[Stored records]
-------------------------
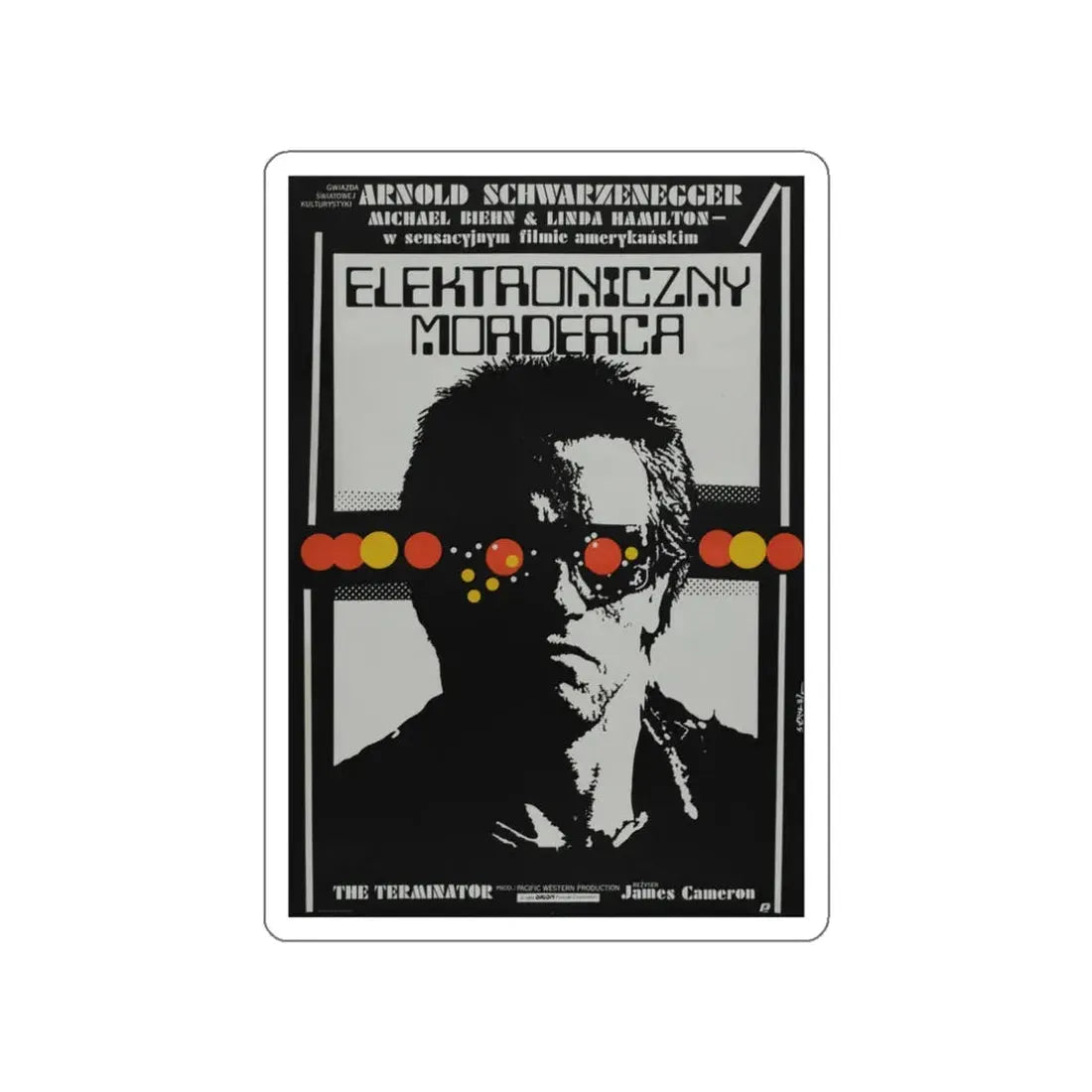 THE TERMINATOR (POLISH) 1984 Movie Poster STICKER Vinyl Die-Cut Decal 3 Inch - The Sticker Space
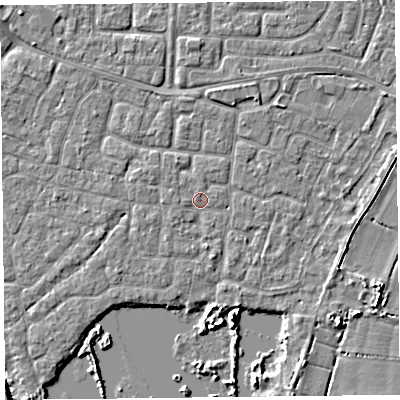Shaded relief map of the ground around TA65NX, computed from Environment Agency LiDAR. The ground here sits at about 6 m above sea level and falls 5 m across the surrounding 800 m. Surface water reaching this point runs off ground lying to the west, 0.8 m higher.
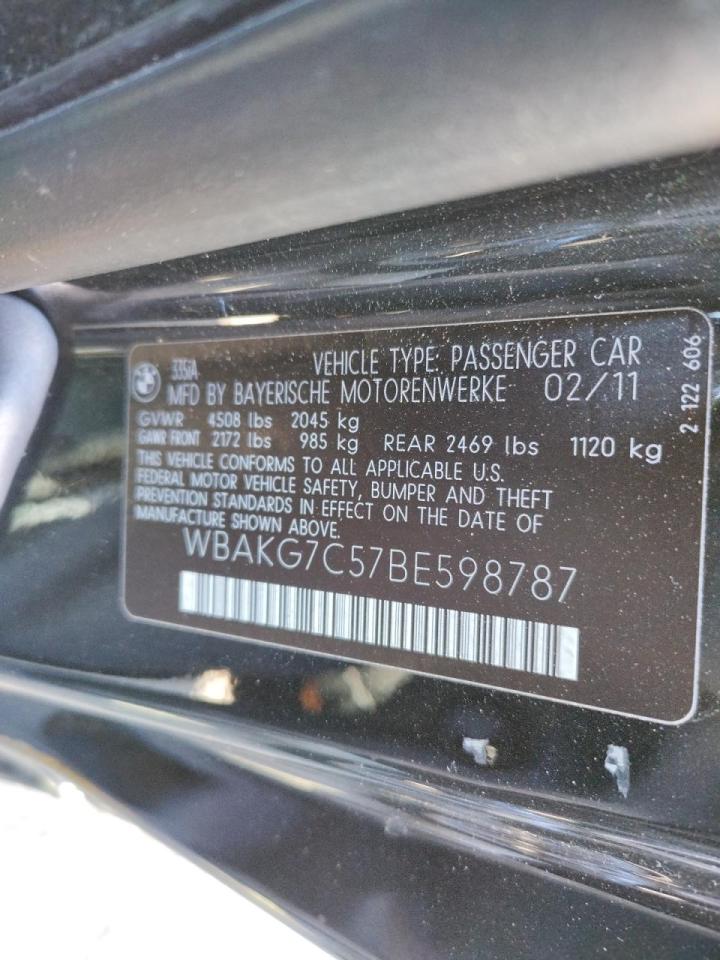 Photo 10 from auction – 2011 BMW 335 I with VIN WBAKG7C57BE598787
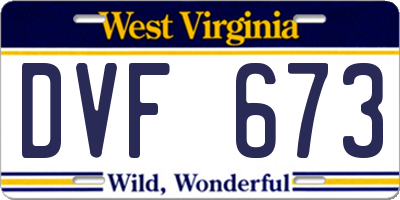 WV license plate DVF673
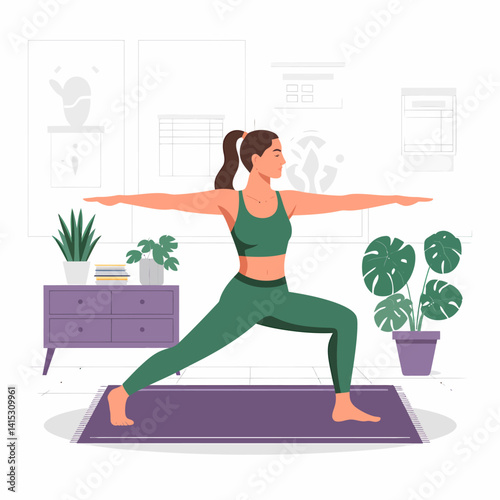 Woman practicing warrior pose yoga indoors for fitness and well-being.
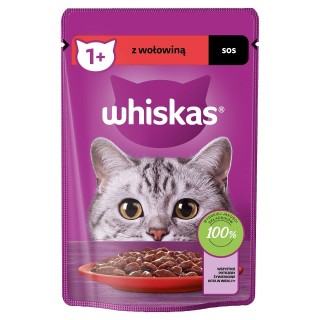 WHISKAS Adult 85g: Nassfutter für adulte Katzen mit Rindfleisch in Sauce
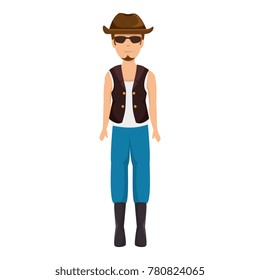 rough motorcyclist with hat avatar character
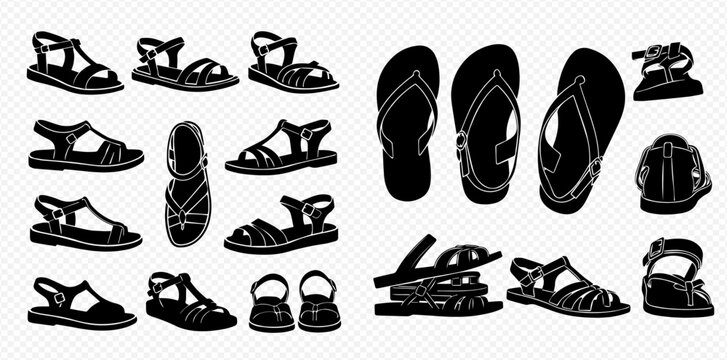 Collection of various black silhouettes of sandals and flip-flops, isolated on a transparent background, perfect for summer fashion and footwear designs.
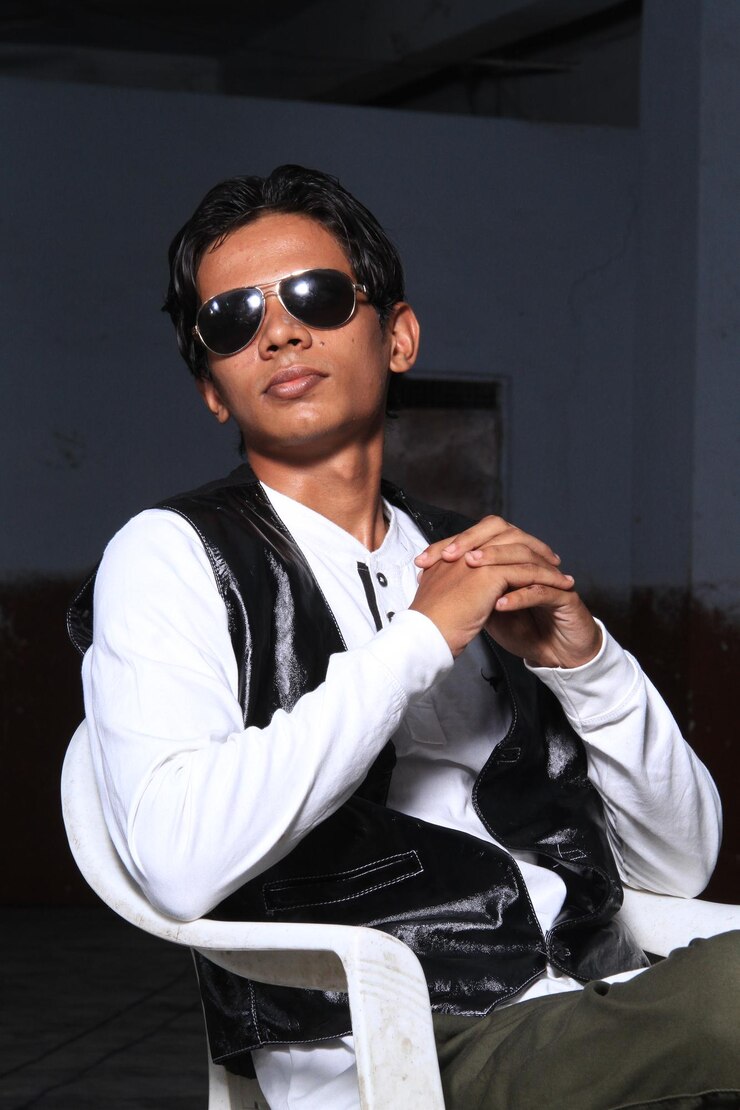 Photo young man wearing sunglasses while sitting on chair at home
-------------------------
### Assignment
A verbatim copy of the records is needed, with all images omitted.

### Output
 THE TERMINATOR (POLISH) 1984 Movie Poster STICKER Vinyl Die-Cut Decal 3 Inch - The Sticker Space
Shaded relief map of the ground around TA65NX, computed from Environment Agency LiDAR. The ground here sits at about 6 m above sea level and falls 5 m across the surrounding 800 m. Surface water reaching this point runs off ground lying to the west, 0.8 m higher.
 Photo 10 from auction – 2011 BMW 335 I with VIN WBAKG7C57BE598787
 WV license plate DVF673
 Woman practicing warrior pose yoga indoors for fitness and well-being.
 WHISKAS Adult 85g: Nassfutter für adulte Katzen mit Rindfleisch in Sauce
 rough motorcyclist with hat avatar character
 Collection of various black silhouettes of sandals and flip-flops, isolated on a transparent background, perfect for summer fashion and footwear designs.
 Photo young man wearing sunglasses while sitting on chair at home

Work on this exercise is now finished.